Ce que je trouve intéressant dans ce truc-là c’est que c’est un groupe d’entreprises qui s’attaque à Microsoft. Je pense que c’est hyper-positif qu’il y ait une organisation, que les acteurs puissent s’organiser pour faire face à une société qui est dans cette position dominante.
Nextcloud c’est du cloud personnel, c’est utilisé dans des organisations aussi, pour le coup. On peut l’utiliser en passant pas les chatons il y a pas mal de chatons [5] qui donnent accès à du Nextcloud ; je l’utilise, c’est très pratique. Ils attaquent non pas le navigateur, mais le fait que les services cloud de Microsoft sont complètement intégrés dans Windows et qu’il les met en avant ; ils attaquent le fait que Microsoft met cette solution en avant. Les autres entreprises n’attaquent pas que cette question cloud.

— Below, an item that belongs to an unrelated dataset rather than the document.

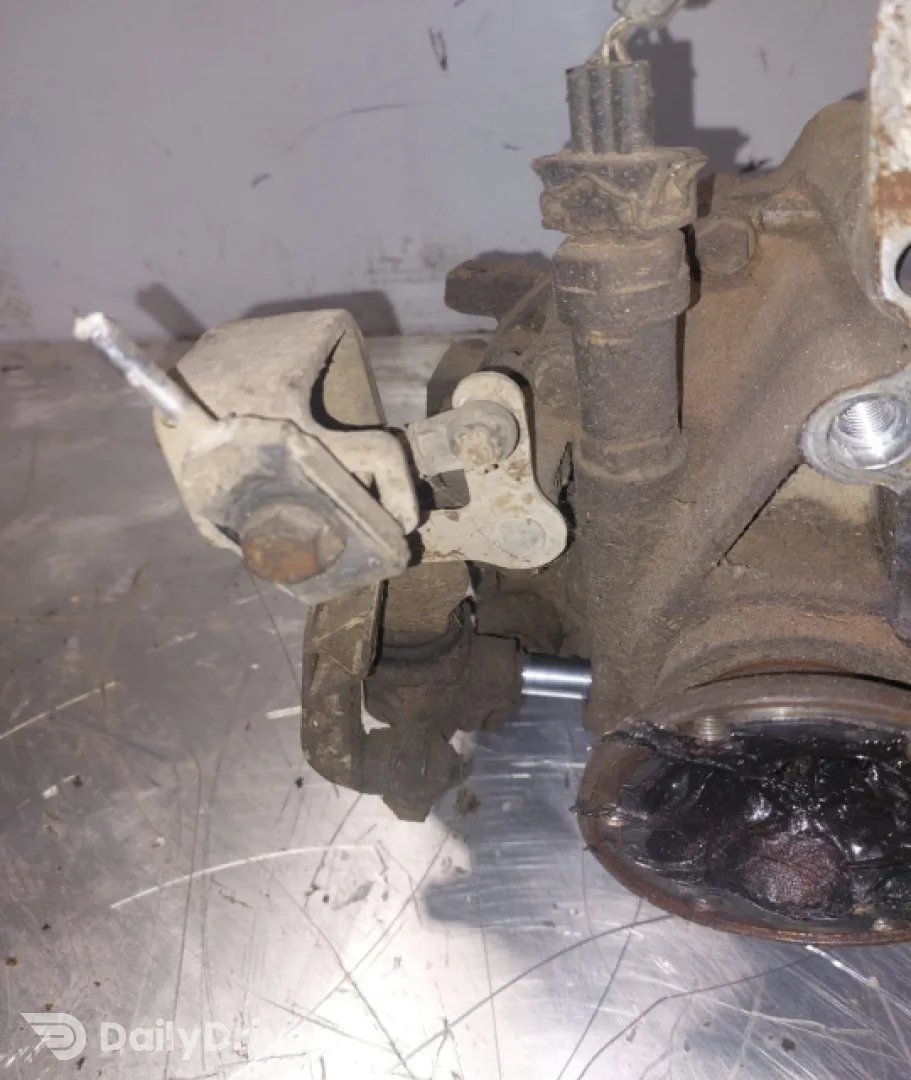 Cutie de viteze manuala Volkswagen VW Polo 3 6N [1994 - 2001] Hatchback 3-usi 1.0 MT (45 hp)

Manu : Il y a aussi une autre brique qui s’appelle Teams, qui se fait attaquer. Teams est intégré ou s’intègre de plus en plus – je ne connais pas bien parce que je ne l’utilise pas – dans Windows et c’est alors difficile, pour des concurrents, de s’installer. L’un de vous deux connaît-il par hasard ?

Luc : Moi pas par hasard. On l’utilise au travail. Je suis dans une boîte qui roule pour Microsoft à fond. D’une façon générale, je ne suis pas hyper-emballé par tous ces systèmes-là, notamment parce que quand tu as des problèmes de réseau avec tous ces trucs, ces clouds dans tous les sens,eh bien tu pleures. Même si j’ai changé de travail il n’y a pas très longtemps, j’ai déjà perdu quelques heures de boulot parce que ça n’est pas synchronisé. On va dire que c’est peut-être l’implémentation qu’on a, mais, dans teams, il y a des trucs qui sont mal foutus. Teams sert à la fois à communiquer, mais, en même temps, ça sert d’organisation de fichiers ce qui fait que quand on parle avec des gens et qu’on veut montrer, partager des fichiers en même temps, ce n’est pas possible, en tout cas c’est compliqué. Il y a plein de petits trucs merdiques comme ça qui sont mal foutus. Après ça marche et la qualité de son est très bonne, mais, au prix que ça coûte, je pense que c’est le minima.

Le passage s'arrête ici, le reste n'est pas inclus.